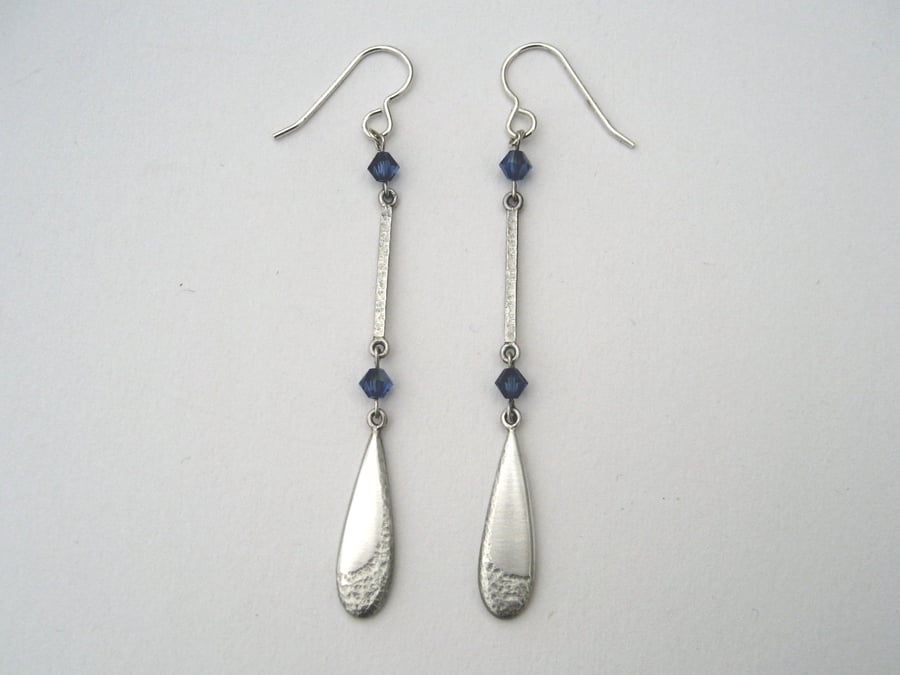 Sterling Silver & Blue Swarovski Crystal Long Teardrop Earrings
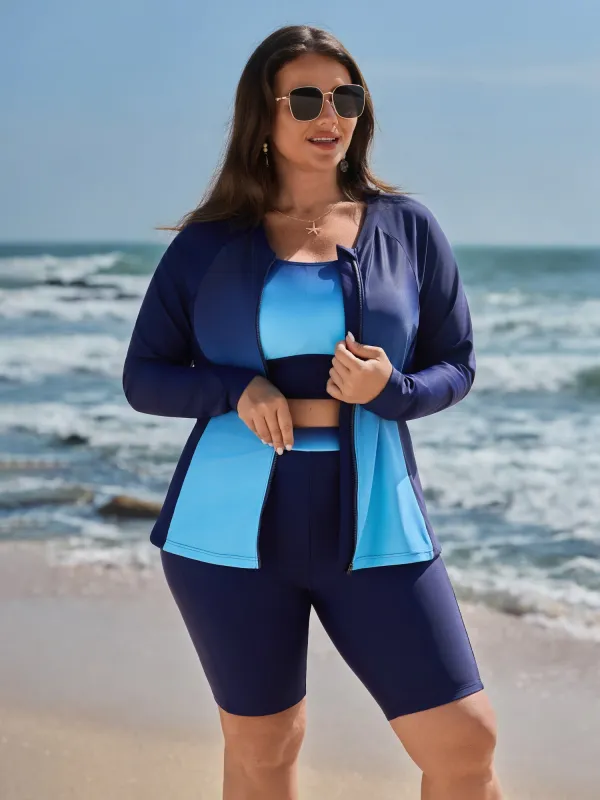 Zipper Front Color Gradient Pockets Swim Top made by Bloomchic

--

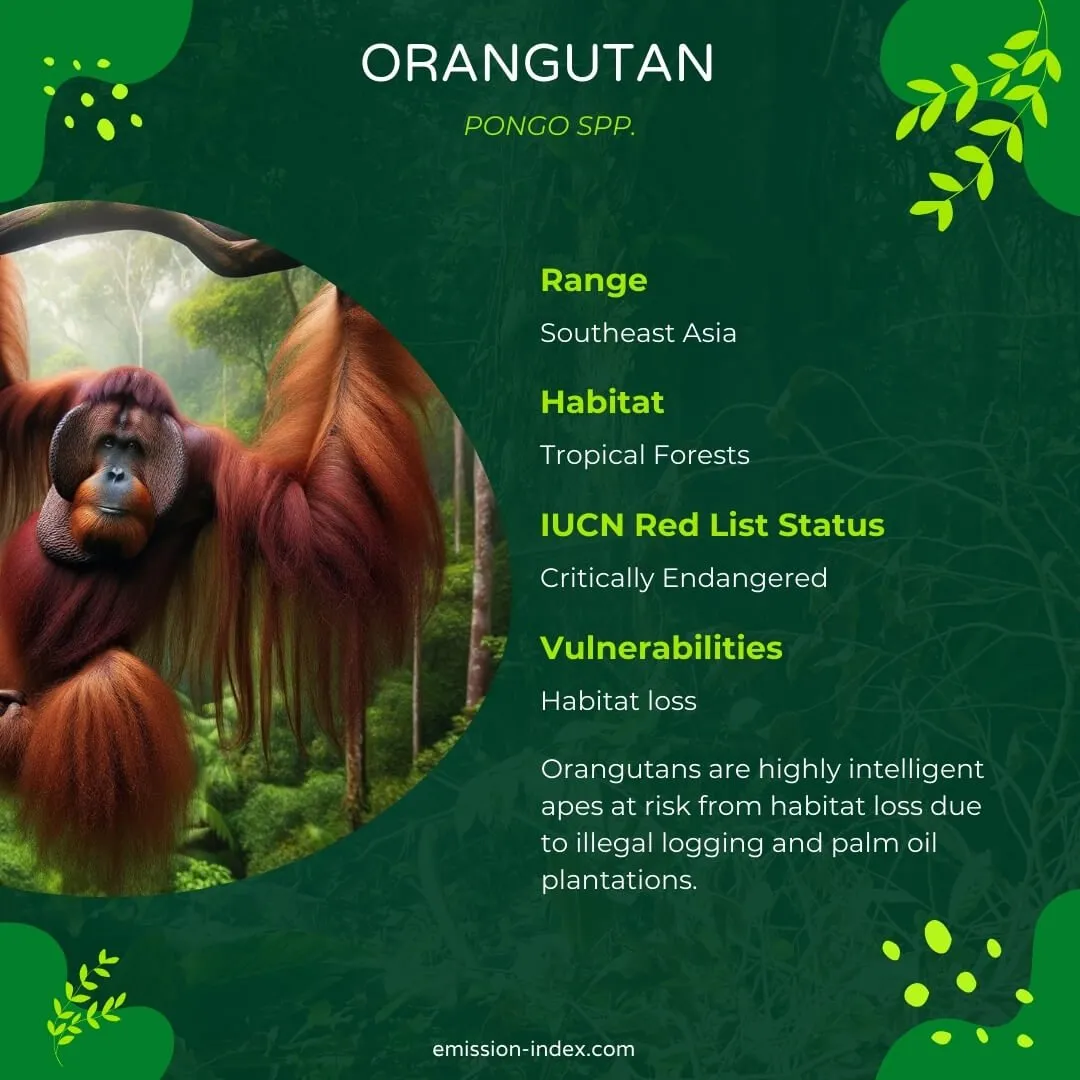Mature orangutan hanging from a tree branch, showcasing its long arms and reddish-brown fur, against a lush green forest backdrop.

| TASK BRIEF |
An exact copy is needed of the stretch above that opens with the line containing "Sterling Silver &" and closes with the line containing "Zipper Front Color"; the pictures are not part of it.

| RESPONSE |
 Sterling Silver & Blue Swarovski Crystal Long Teardrop Earrings
 Zipper Front Color Gradient Pockets Swim Top made by Bloomchic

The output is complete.